The Seamstress was preceded by another folk-inspired work: George Butterworth’s rhapsodic A Shropshire Lad.  Oramo emphasised the introspective quality of the opening, capturing the shadowy unease: the third-based melodic fragments of the violas and clarinets were discrete and distant, cloaked in the strings’ soft muted bed, and warmed only gently warmed by the harp’s spread chords.  The initial restraint made subsequent swellings of sound more telling.  Oramo skilfully built towards the first orchestral blossoming, the lyrical interchanges between violins and clarinets and high bassoons becoming increasingly animated before flowering into a broad melodic statement to whose closing pause the timpani’s trill gave firm reassurance.  Individual woodwind voices spoke clearly through the texture – a dusky cor anglais theme, the mournful clarity of the flute’s quotation from the composer’s song, ‘With Rue My Heart is Laden’, the hollowness of the clarinets’ final motivic utterances.  The brass colours were dark and foreboding, while the strings responded to Oramo’s wish for great contrast – the barest of delicate brushings, the richest of full-voiced song – with unity.  Oramo guided the BBCSO through the work’s gives-and-takes with thoughtfulness and control, and both the tragic and tranquil dimensions of the work – and of Housman’s poetry – were movingly captured.
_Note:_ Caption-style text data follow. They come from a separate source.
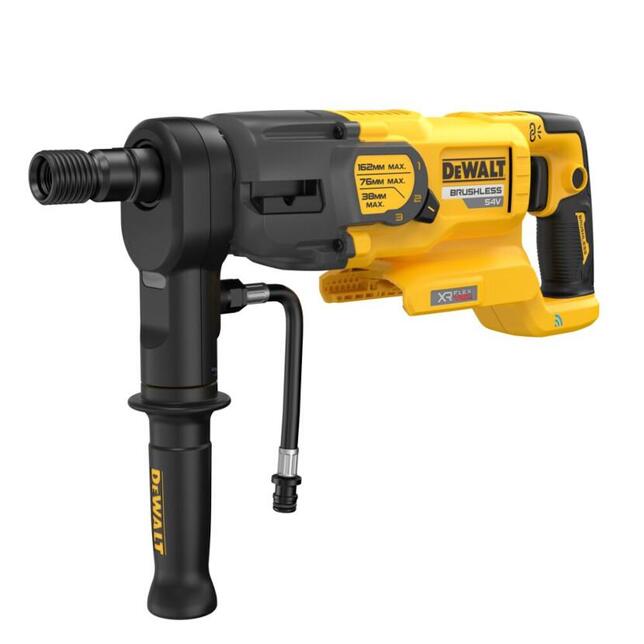 DeWALT Jádrová vrtačka 54 V XR FLEXVOLT DCD150NK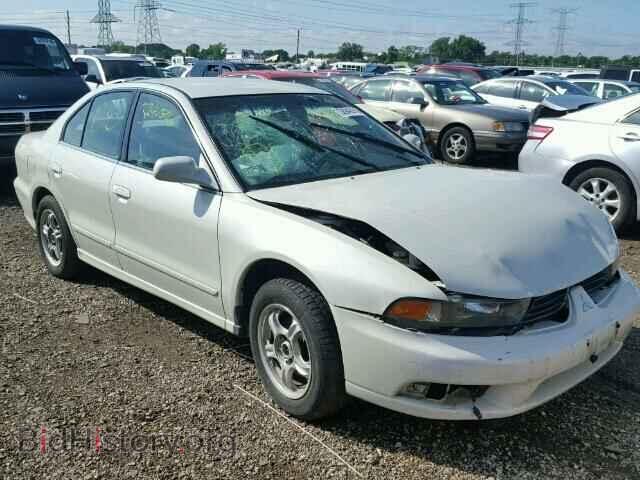 Photo 4A3AA46G33E205748 - MITSUBISHI GALANT 2003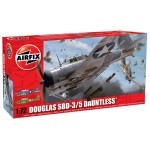 [Airfix] BB02022 1/72 Douglas Dauntless SBD 3/5
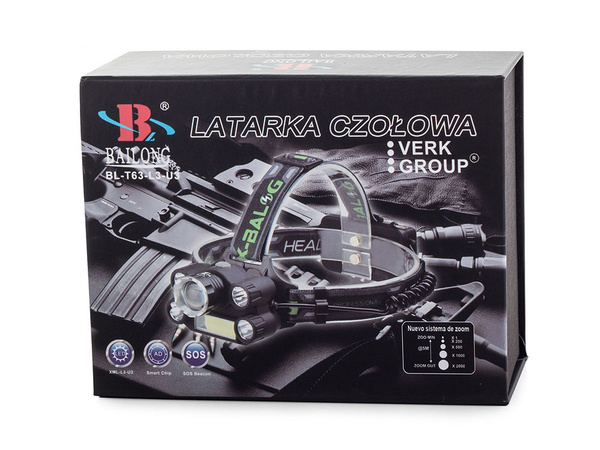 Bailongi tõrvik t63-l2 (60) gab_b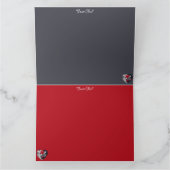 Gesuchte Herzen Karte (Innenseite)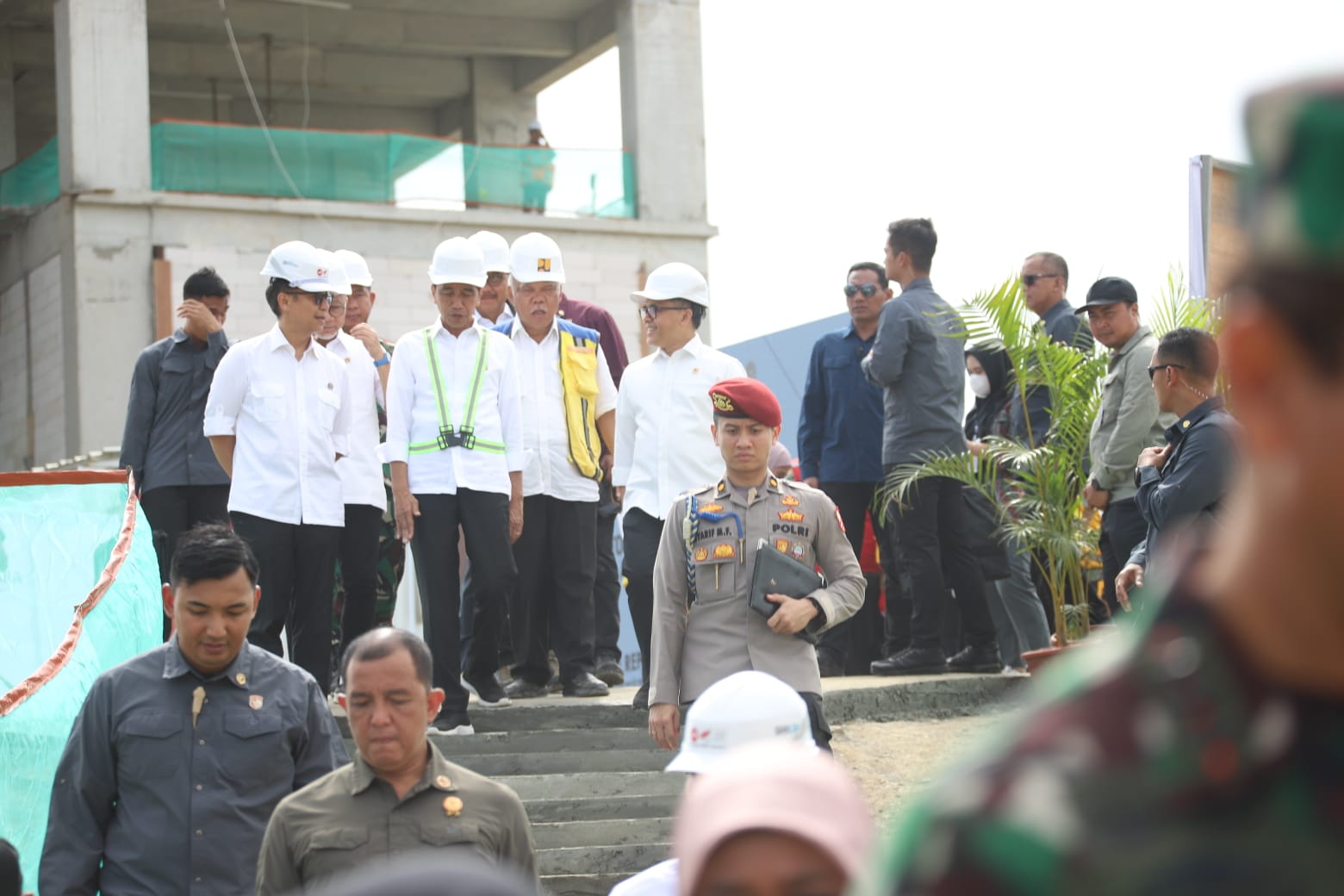 20240301 Topping off Hunian ASN di IKN 11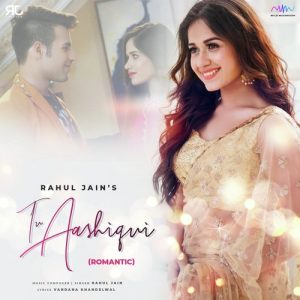 Tu Aashiqui (Romantic Version) (2020) Album Art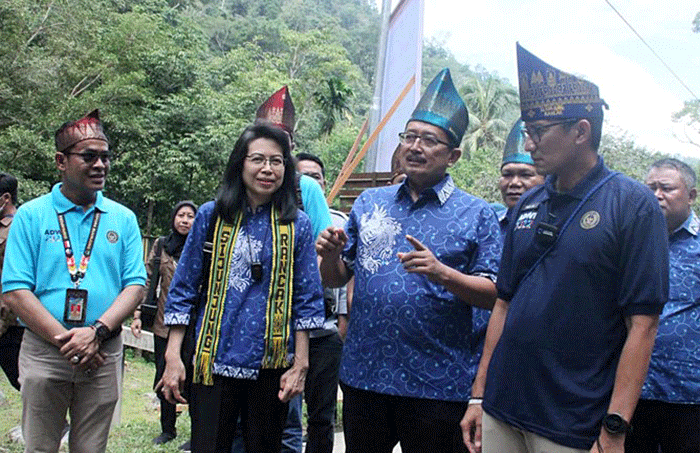 PT Bank Central Asia Tbk (BCA) bakal mendorong transformasi 10 Desa Wisata Mitra Bakti BCA menjadi daerah tujuan wisata baru.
Butterworth’s score shows the influence of Vaughan Williams, Sibelius, and Elgar, and it was the latter’s Second Symphony which was a fitting conclusion to the programme.  Oramo’s offered an affirmative and athletic reading of the score, notable for the conductor’s unwavering attentiveness to its details.  The Allegro vivace e nobilmente began in brisk fashion, the BBCSO making a thrillingly vibrant entrance, with horns and trumpets particularly dazzling, before Oramo subdued the brightness, in a manner characteristic of the way in which he kept a firm eye on the long view throughout.  The conversations between the violins, seated antiphonally, were sweet-voiced and fresh, as the tempo ebbed and flowed.  But the orchestral sound was never over-indulgent, and there remained a slight coolness which rose to the fore in the first movement’s eerie ‘nocturnal’ passages.  There was drama too, though, derived from the springiness of the rhythms, and the final bars generated an exciting percussive drive.

The Larghetto was notable for its intense oboe solo, full of pathos, the expressive string pianissimos, and the subtle gradations of mood which Oramo crafted, from passionate lament to tender elegy.  The forceful entry of the brass, surging forth from the cellos’ and double basses’ theme, and vigorous timpani playing suggesting heartfelt emotion.  The scherzo Rondo was wild, a genuine Presto, the crisp running motifs generating urgency, but always nimble and clear.  The strings’ sonorous theme was complemented by the full, incisive tread of the tuba; the woodwind contributions always clearly defined.  The demonic fury of the movement was stirring, and its accelerating conclusion fittingly brutal and battering.  In the Moderato e maestoso, though initially there were reminders of the darkness of the opening movement, a reassuring heroism eventually quelled the unrest, and calmed the anger of the Rondo.  The thematic repetitions acquired a persuasive force.  Oramo powerfully conveyed both the composer’s characteristic nobilmente spirit and the serenity that Elgar expresses, particularly in the movement’s final moments, where the horns and clarinets projected with gentle loveliness above string and harp.  This was a very satisfying performance, in which Oramo showed that one does not need to be an Englishman in order to have an instinctive feeling for this music.